◆ Data records
- - - -
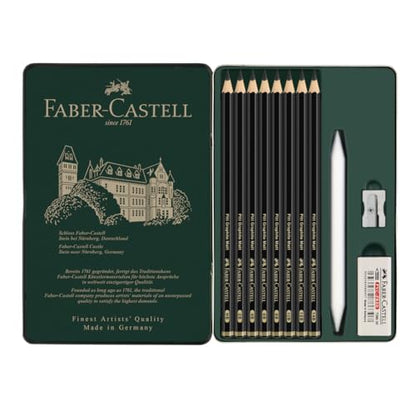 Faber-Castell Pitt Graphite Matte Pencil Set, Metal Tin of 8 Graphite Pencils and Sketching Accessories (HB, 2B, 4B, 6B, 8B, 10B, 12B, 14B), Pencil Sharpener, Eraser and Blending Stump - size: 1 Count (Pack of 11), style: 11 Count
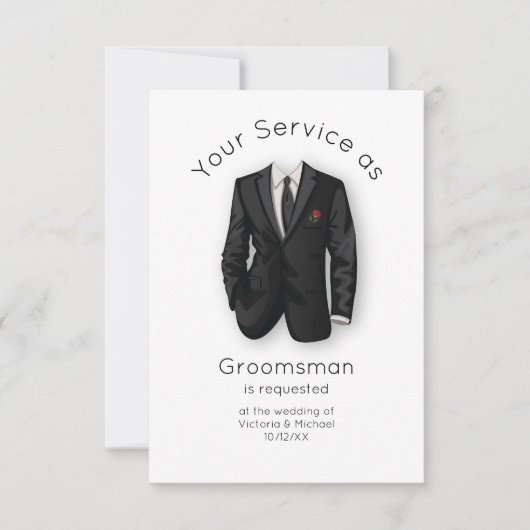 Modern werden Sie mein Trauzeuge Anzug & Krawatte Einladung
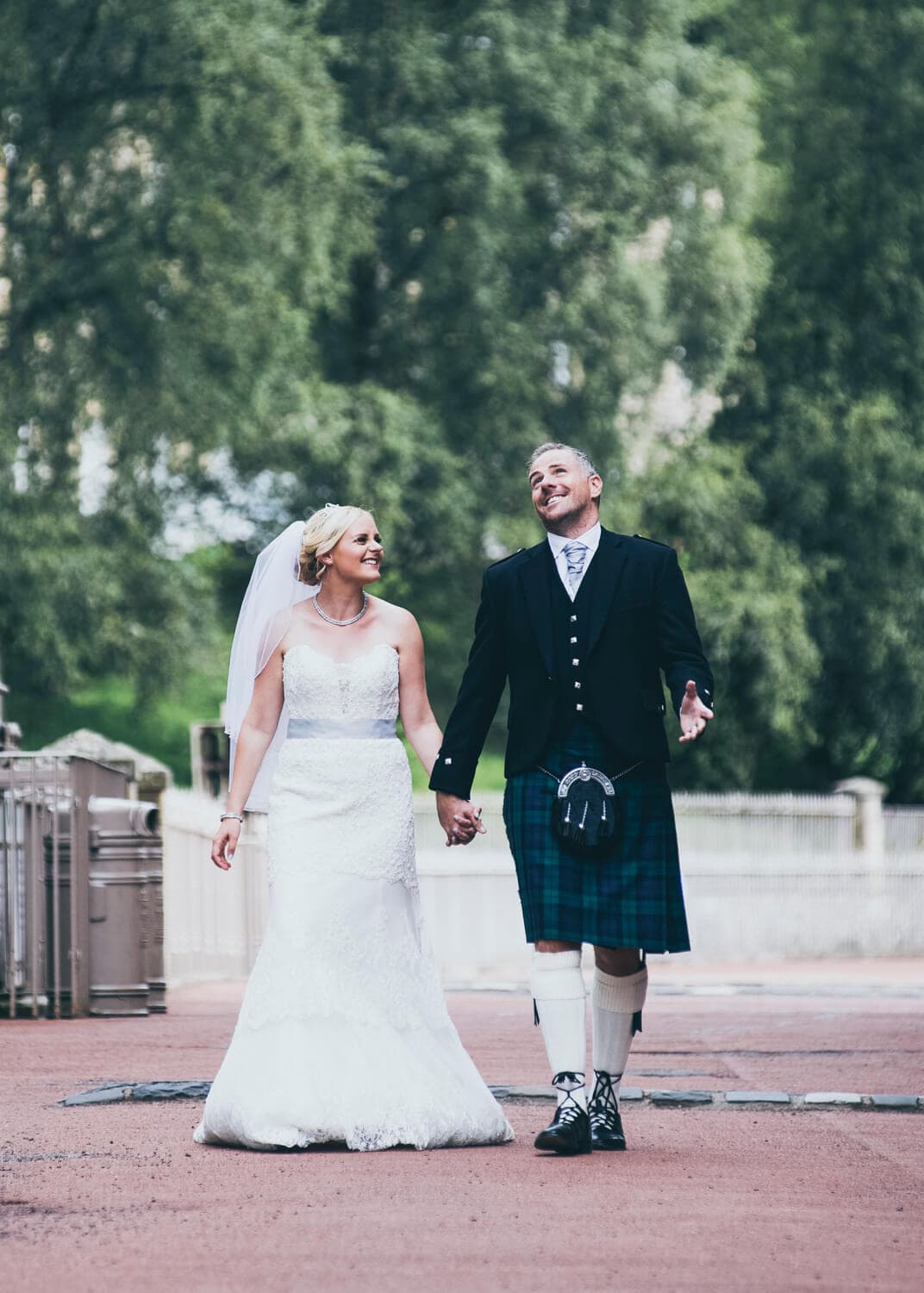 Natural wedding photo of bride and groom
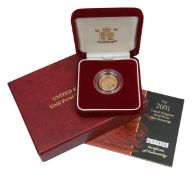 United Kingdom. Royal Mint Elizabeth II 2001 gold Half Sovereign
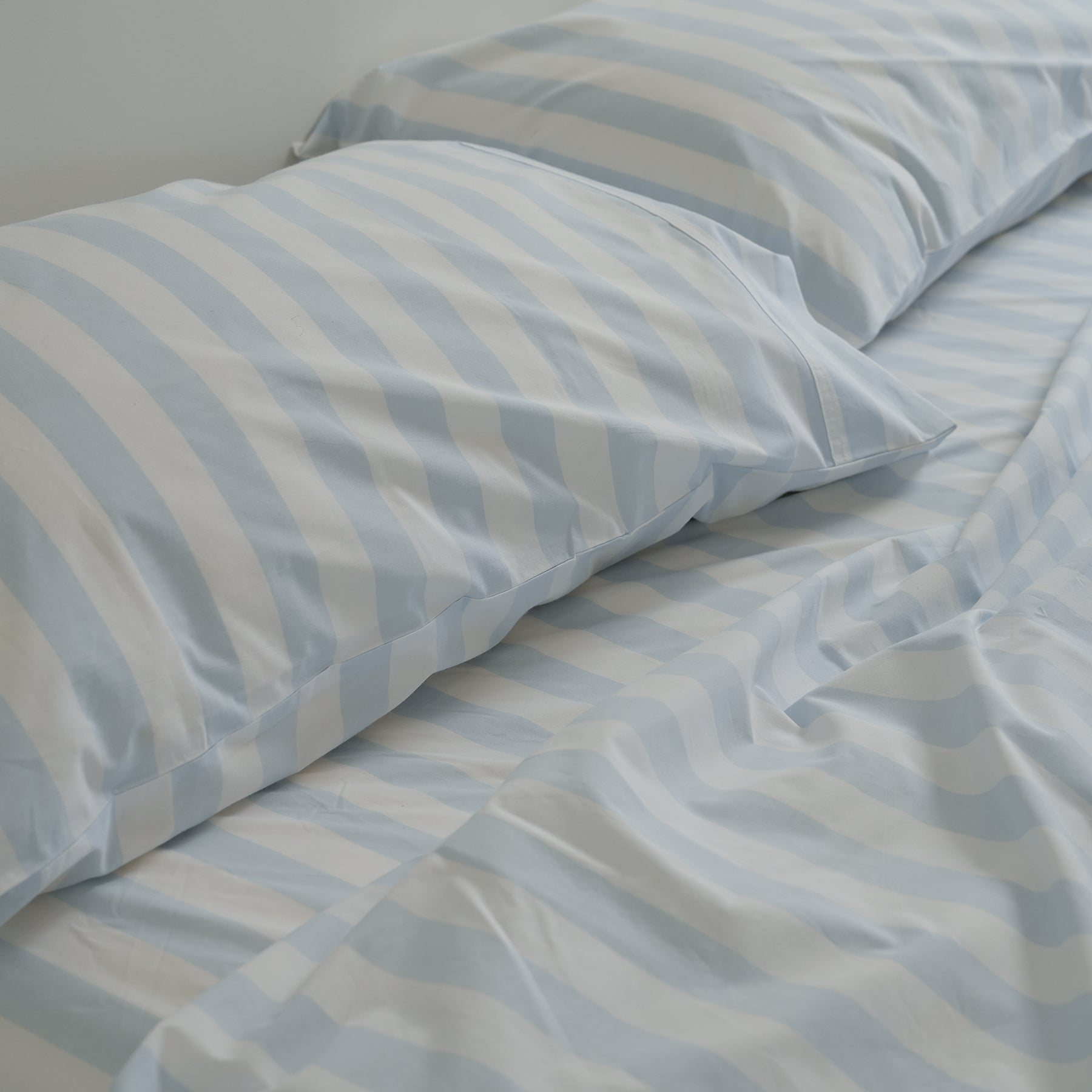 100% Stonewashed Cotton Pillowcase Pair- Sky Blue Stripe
- - - -
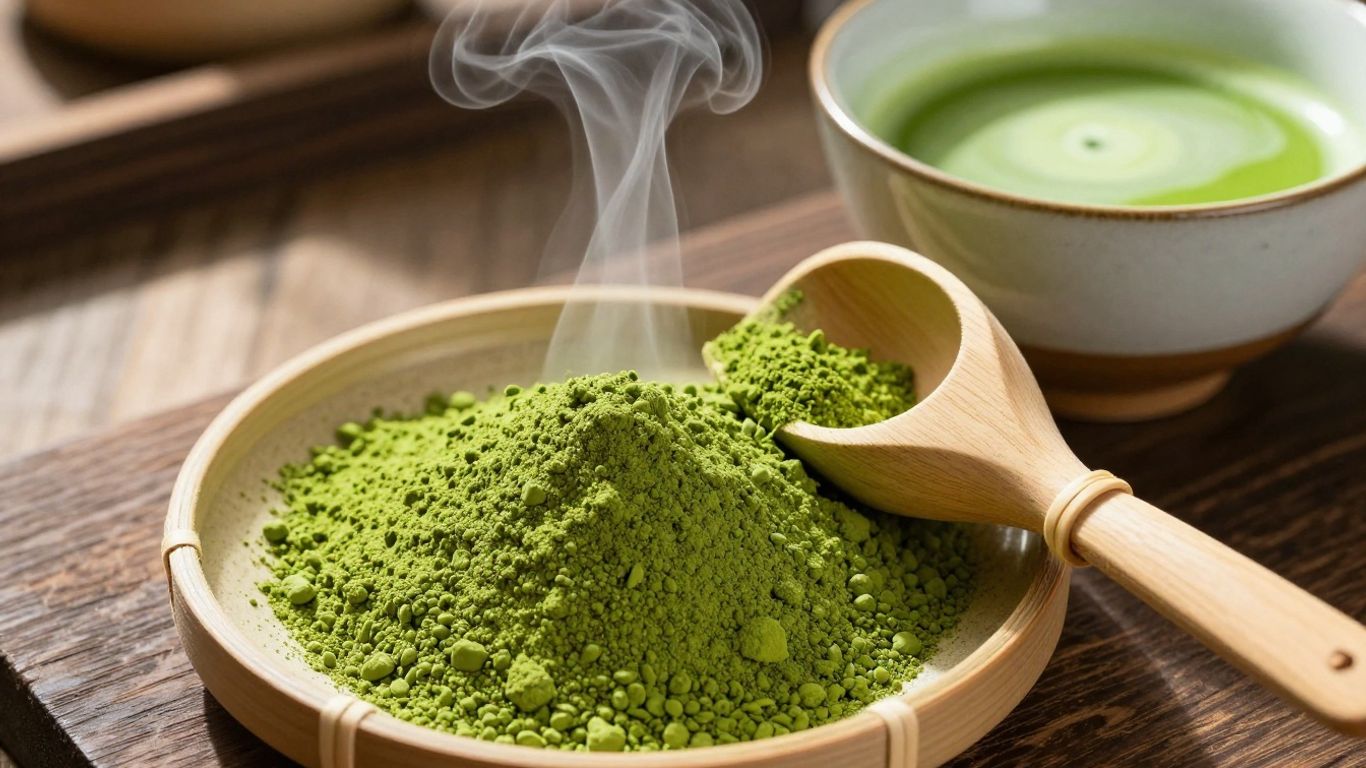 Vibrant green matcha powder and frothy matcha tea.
- - - -
◆ Exercise
Repeat exactly, and only, the entries from the line with "Faber-Castell Pitt Graphite" through the line with "Modern werden Sie". Pictures are skipped.

◆ Answer section
 Faber-Castell Pitt Graphite Matte Pencil Set, Metal Tin of 8 Graphite Pencils and Sketching Accessories (HB, 2B, 4B, 6B, 8B, 10B, 12B, 14B), Pencil Sharpener, Eraser and Blending Stump - size: 1 Count (Pack of 11), style: 11 Count
 Modern werden Sie mein Trauzeuge Anzug & Krawatte Einladung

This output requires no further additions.